Josh Kiszka (Photo by Gary Miller)

Weekend-one-only magnet, the quartet anchored by drummer Danny Wagner took to a dead hot stage on a day when September’s rain-cooled temps reset to normal ACL weather (HOT) over a densely teeming Zilker Park. The group sported feathers and vaguely Native American garb. Zeppelin? Try Blackfoot.

Or the Black Crowes. Only the the brothers Robinson moved and strutted onstage. And Chris could sing. At best, Josh Kiszka shrieks. Robert Plant? Try Udo Dirkschneider – with better teeth!

“I should have brought a bathing suit,” he grinned.

The songs, meanwhile, tumbled forth bits and pieces of classic rock: Bowie, Poison, Faster Pussycat (“House of Pain” rang in there somewhere). On “You’re the One,” Josh-n-Jake posed together at the microphone in glossy magazine fashion, anthems exploding in their heads and on their cheekbones. The woman in a mohawk signing part of the performance mopped up her portion of the stage with them.
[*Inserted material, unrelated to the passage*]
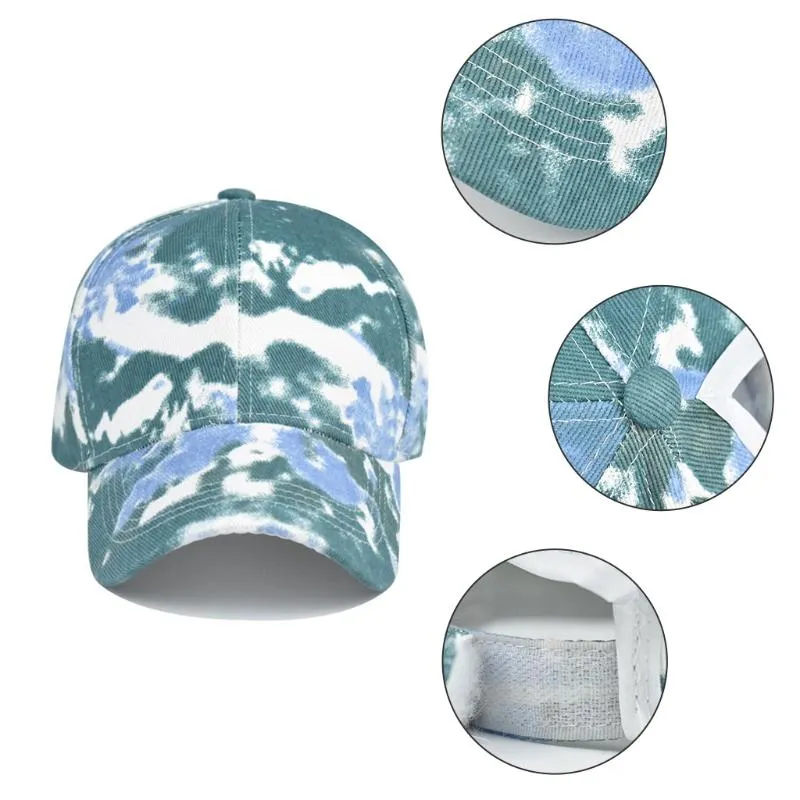 Basker kvinnor färgglada tie-dye print hip hop baseball sommar visorer röriga hög bulle hål justerbar lastbils droppe beretsberets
When the song ended, z-e-r-o applause.

Even so, the band warmed up halfway through their slot.

“I believe we have one more for you,” announced Josh instead, the set ending 15 minutes prematurely.

When the three Kiszkas walked downstage in a line on “Safari Song,” choreography threatened. The song’s “Black Dog” breaks and chord changes finally invoked rock & roll’s Hammer of the Gods, but Greta Van Fleet orbit a different solar system entirely. Try the Darkness.